The question every Christian individual and congregation needs to be confronted with—at least occasionally—is “Is God busy in your life, among us?” Where are the signs and wonders? I’m not talking about emotionalism or even supernatural manifestations, although I think many American Christian churches could benefit from greater openness to emotion and miracles. I’m talking about visible Christianity where visitors to a church say “I felt God’s presence there.” Many years ago I had the privilege of belonging to a church and eventually serving on its ministerial staff where visitors often said that—“Something’s different there. I felt God’s presence.” We were not stuck in “the way we’ve always done it” or bogged down in complacency. The dynamic work of God’s Spirit among the people was evident. Unfortunately, if I described that more vividly here many readers would immediately picture television evangelists because that’s all they know of that type of Christianity. But we were not like that; nothing was being manufactured and no one was being manipulated. The ethos of the congregation was one of total openness to whatever God wanted to do—within biblical boundaries.
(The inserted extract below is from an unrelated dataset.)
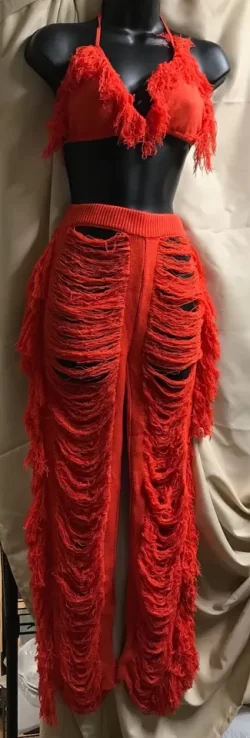 Posh by V Terrizzi Knit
My passion here and everywhere is to challenge Christian spiritual complacency; to stir the pot—not because I get some satisfaction out of being controversial but because I am convinced we all have a natural tendency to settle down in our own comfort zones and not want to be made uncomfortable. When I go to church, I want to be comforted in my affliction, if I am afflicted, and afflicted in my comfort. I’m usually more comfortable than afflicted. A sense of conviction about my comfort level with the status quo of my own spiritual life and that of my congregation and of American Christianity in general is what I long for. May 2016 bring revival, renewal, proper change toward greater approximation of the kingdom of God happen in American Christianity.